Older plants can be used in stir-fry mixes. Onion plants can
have their tops bent over to assist bulb swelling. Crops sown
in autumn will be almost ready for pulling. If harvested in
hot, settled weather, they should be well-ripened and
suitable for long storage. Thick-stemmed bulbs will probably
not keep well, so keep them aside for immediate use. Liquid
manure assists most crops. Make your own by tying a sack
filled with sheep, horse, cow or poultry manure and
suspending it in water for a few days.
One kilogram of fresh manure to five litres of water is a
suitable mixture. Excellent liquid manure can also be made
with seaweed and is good for silverbeet, asparagus and
cabbages. Nitrate of soda and sulphate of ammonia (2 Tbsp to
20 litres of water) promotes leafy growth in salad crops and
any winter greens not growing as fast as they should.
Early potatoes can be lifted as the foliage yellows. Once
potatoes are well matured, a combination of rain and warm
soil could prompt new growth, spoiling the crop's quality and
storage properties. Brussels sprouts may need to be staked to
prevent those in exposed positions twisting in the wind.

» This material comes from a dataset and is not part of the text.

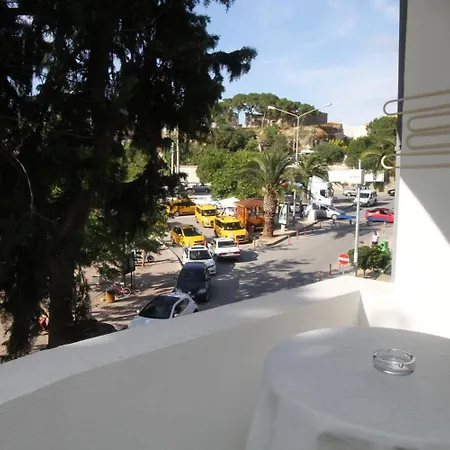 格伦酒店 Çeşme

Spring cabbages are best when harvested early. Make one
sowing at the end of January and another two weeks later.
Grow in a seed tray or make a seed bed in a sheltered spot in
Enrich the soil with some fine compost. Sow seed thinly in
50mm-deep drills and cover firmly. Transplant the seedlings
when big enough to handle. Cabbage aphids and white butterfly
caterpillars go on the attack at this time of year. Protect
seedlings with derris dust or spray with soapy water.
The Madonna, or true Christmas lily (Lilium candidum),
will have finished flowering by now. Cut the old flower stems
off at ground level and destroy to prevent the spread of
botrytis. Unlike almost all other lilies, L. candidum has no
resting period. Fresh growth develops from the bulbs as soon
as the flowering period is over, so if bulbs are to be
divided or shifted, the work is best done now.
Also unlike other lilies, the bulb should not be covered but
the top third left above the ground. They like hot, dry spots
and will tolerate some lime. Multiply all lily bulbs by
detaching scales and inserting them point-upwards in boxes of
sandy soil with the base of each scale just below the
surface. Keep the boxes moist and plant the scales out when
they have rooted. Plants propagated this way should flower in
the second season.
Violas and pansies may be looking straggly and producing
smaller flowers. Cut them back to new growth just above the
ground and they will spring away. Tulips and hyacinths can be
lifted and cleaned when the tops have died down. Place the
bulbs in shallow trays in a dry, cool, airy place. Never
expose them to full sunshine.
Anemones and ranunculuses can be lifted and stored for a
month or two, until planting space is available. For winter
blooms, plant some anemone bulbs now in a warm place. Like
all bulbs, narcissi, crocuses and snowdrops suffer if kept
out of the soil for any length of time. Lift only when
overcrowding makes it necessary and replant without delay.
Strawberry plants can be increased readily from the rooted
runners the plants are now producing. Use only the strongest
runner and after it has established roots, set it out in rich
soil in early March. This summer propagation allows the plant
to develop before cold weather sets in and bear a fruit crop
If planting is delayed until winter or spring, no fruit
should be allowed to develop in the first season. Being of
woodland origin, strawberries like plenty of compost, leaf
mould and well-rotted manure. Superphosphate applied when
planting will supply the phosphates important to full growth.
Do not use lime, as strawberries prefer a slightly acid soil.